▶ _TO DO_: Retype the records below exactly as they appear, but leave out any pictures.

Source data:

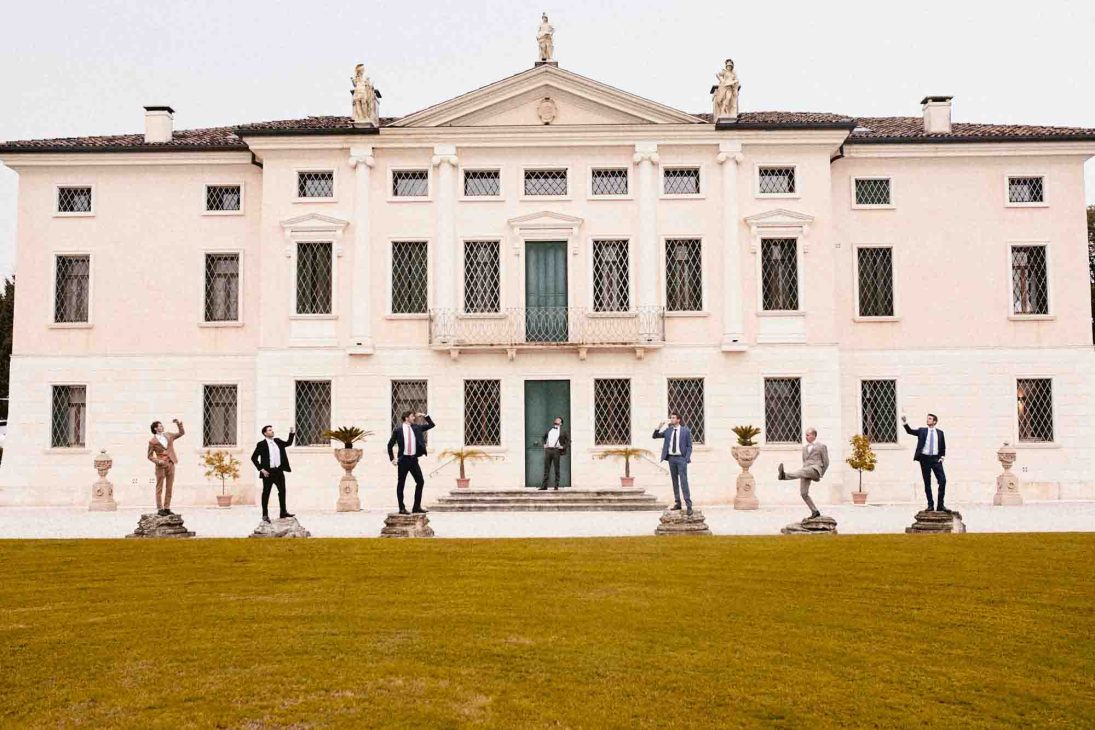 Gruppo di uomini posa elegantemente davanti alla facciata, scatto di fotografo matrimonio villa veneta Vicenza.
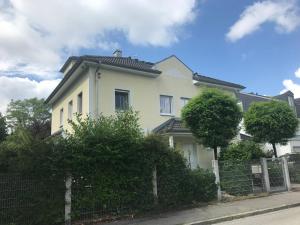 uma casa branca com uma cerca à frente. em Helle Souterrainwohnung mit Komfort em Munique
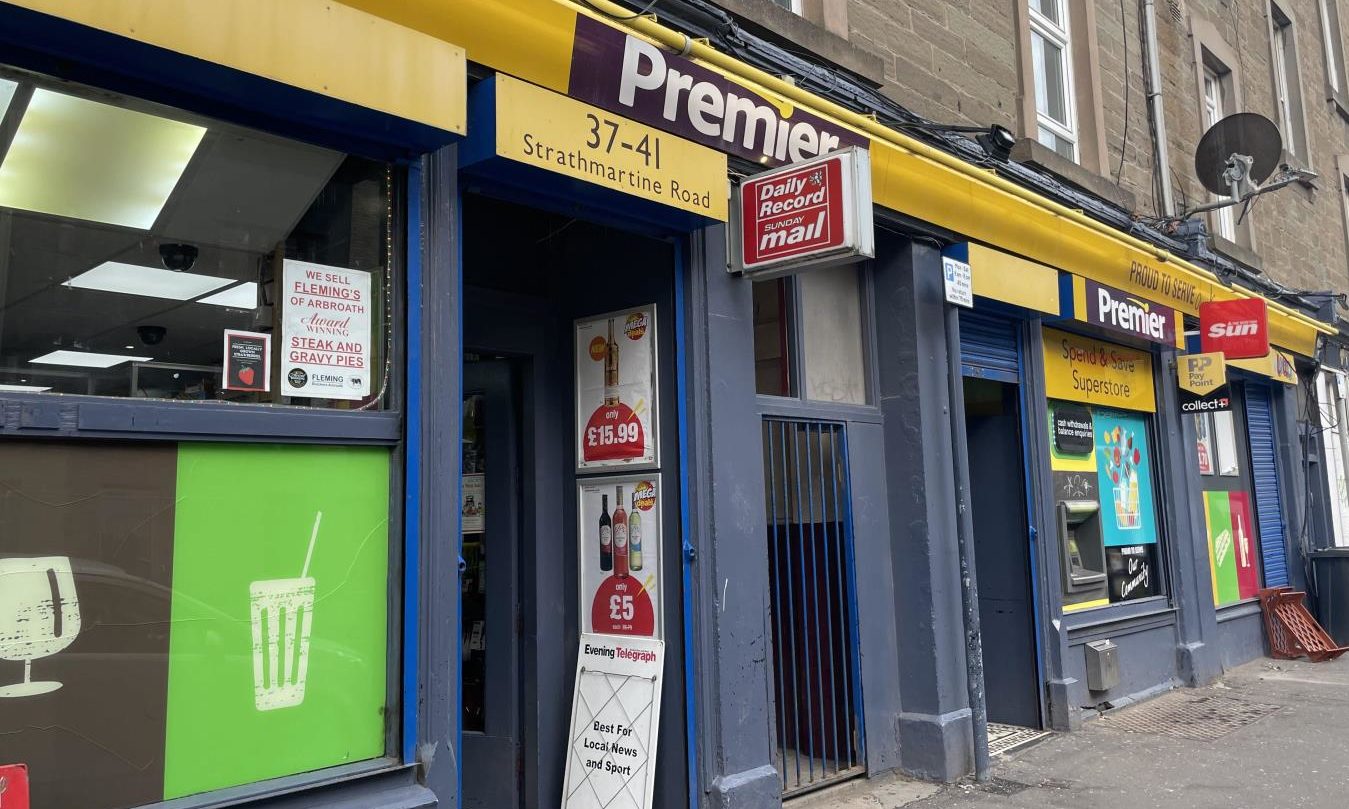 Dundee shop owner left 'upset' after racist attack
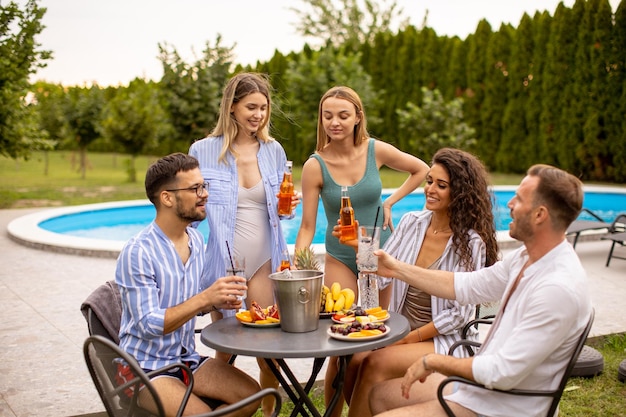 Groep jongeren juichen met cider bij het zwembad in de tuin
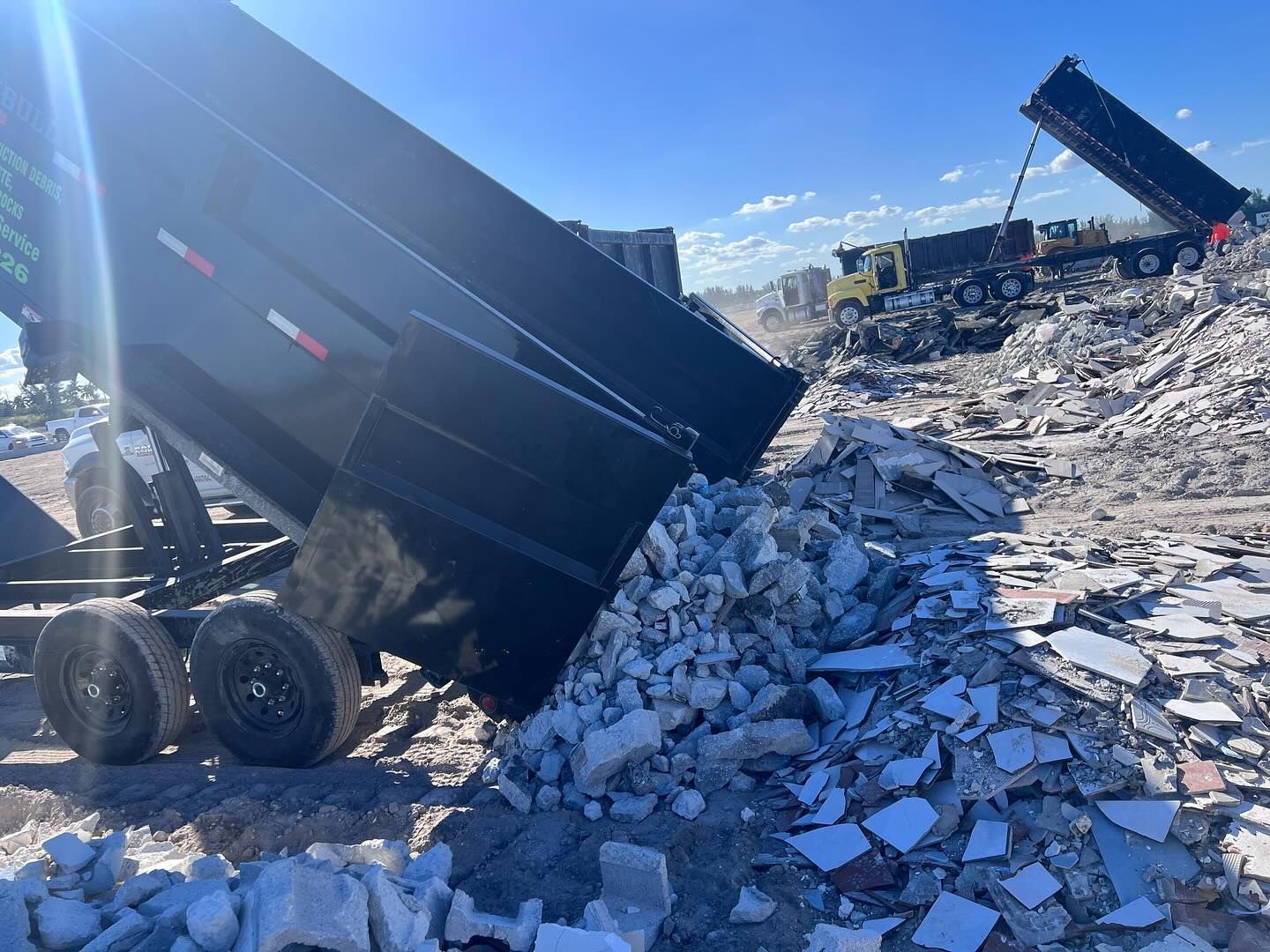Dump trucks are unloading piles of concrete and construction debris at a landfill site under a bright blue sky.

▶ _WRITTEN SOLUTION_:
 Gruppo di uomini posa elegantemente davanti alla facciata, scatto di fotografo matrimonio villa veneta Vicenza.
 uma casa branca com uma cerca à frente. em Helle Souterrainwohnung mit Komfort em Munique
 Dundee shop owner left 'upset' after racist attack
 Groep jongeren juichen met cider bij het zwembad in de tuin
Dump trucks are unloading piles of concrete and construction debris at a landfill site under a bright blue sky.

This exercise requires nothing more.